Foreign Investment Outlook: While FII outflows have weighed on sentiment, HSBC argues that the reduced foreign positioning actually creates a more attractive entry point. With domestic flows remaining strong and policy tailwinds in place, India could become a beneficiary as global capital reallocates.
Earnings Growth Expectation and Valuations By HSBC
HSBC acknowledges that corporate earnings growth expectations have moderated.
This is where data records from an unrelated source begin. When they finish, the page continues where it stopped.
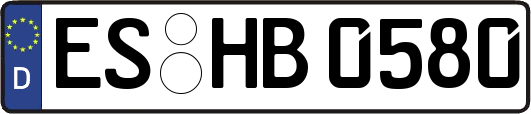 ES-HB0580
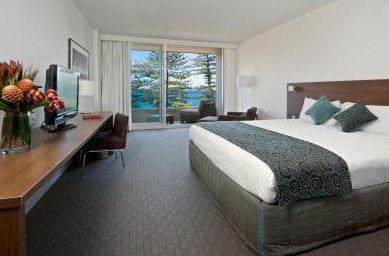 Manly Pacific Sydney Managed By Novotel - Accommodation BNB 0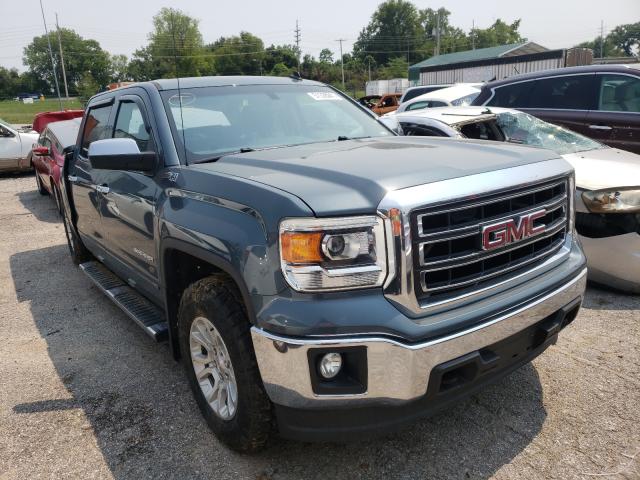 GMC SIERRA K15 2014 3gtu2uec9eg218589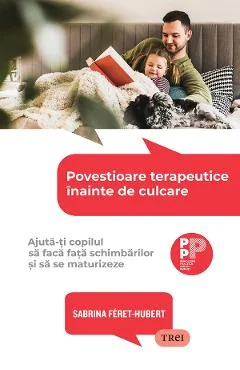 Ebook Povestioare Terapeutice Înainte De Culcare - Sabrina Feret-Hubert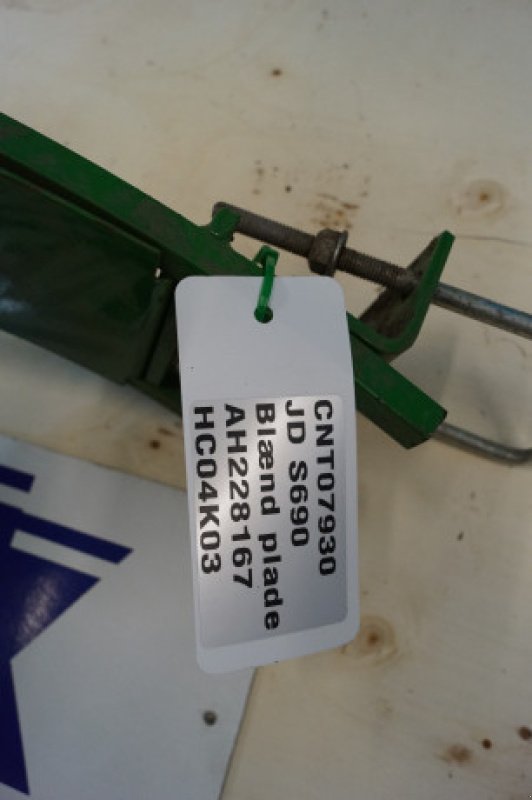 Sonstige Mähdrescherteile des Typs John Deere S690, Gebrauchtmaschine in Hemmet (Bild 11)
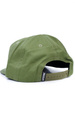 Czapka z daszkiem Spitfire -  Bighead Fill  Olive/Red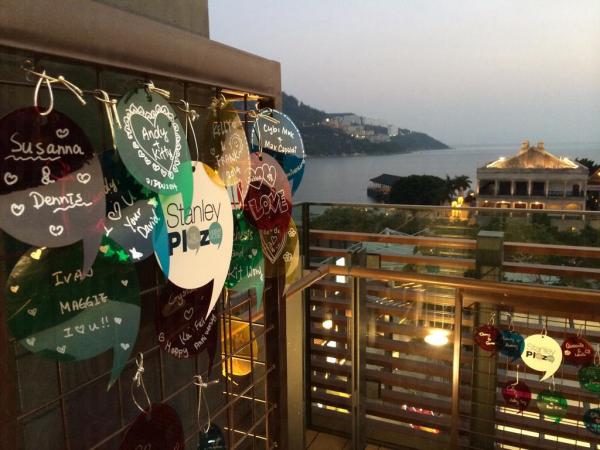 赤柱廣場 情人節Sweet Sundays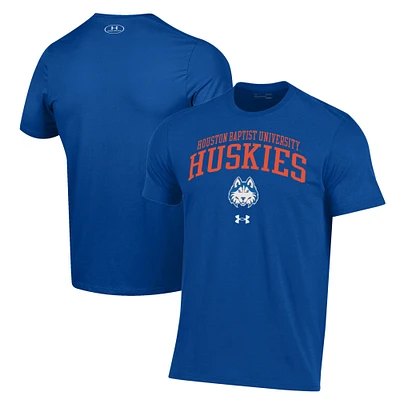 Men's Under Armour Houston Baptist Huskies Performance T-Shirt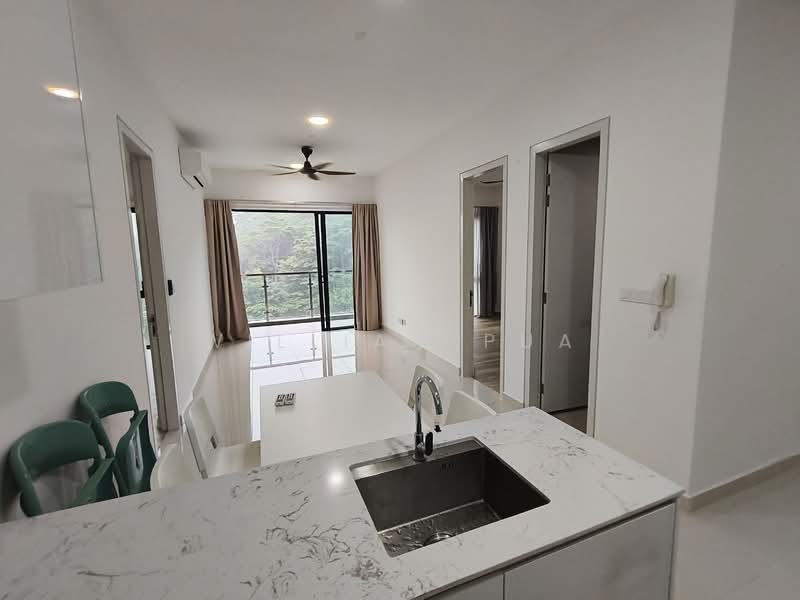 Service Residence for Rent at Hampton Height Damansara - William Pua - Dining Room - PropertyGuru.com.my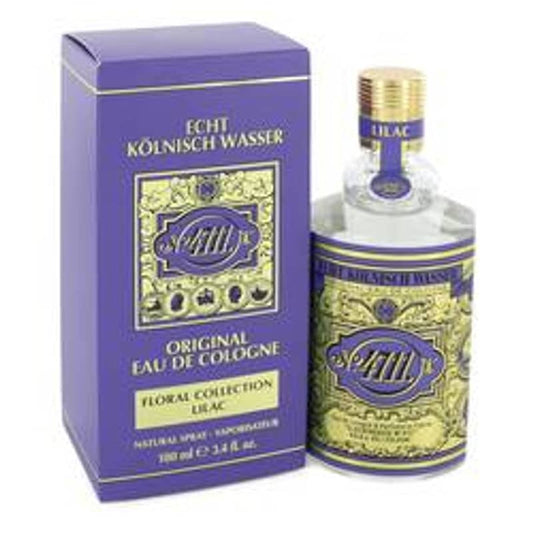 4711 Lilac Eau De Cologne Spray (Unisex) By 4711 - Le Ravishe Beauty Mart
Estimates for FY25 have come down to around 12%, and may fall further to 8-9%, while FY26 projections are currently at 15%. However, HSBC believes these are supported by a low base effect, government stimulus and gradual recovery in demand.
The firm also argues that Indian equities will not de-rate to average emerging market valuation levels due to sustained domestic demand and policy support. Despite earlier concerns, valuations are now more palatable, particularly in the context of regional comparisons.
The Indian government's recent moves-including income tax cuts announced in February 2025 and reforms under GST 2.0-have further enhanced the investment case. These measures aim to revive consumption, ease compliance burdens, and attract more private investment. HSBC sees these initiatives as supportive of a medium-term growth recovery.
HSBC Downgraded Asian Markets
In contrast to India's upgraded status, HSBC has recently downgraded South Korea to 'underweight', despite its market rally. The firm noted that Korean and Taiwanese equities are crowded trades, with stretched valuations and limited additional upside potential. India, on the other hand, offers a less crowded, value-driven opportunity.
"In stark contrast to the crowded trades in Korea and Taiwan, India is Asia's quiet corner," noted HSBC.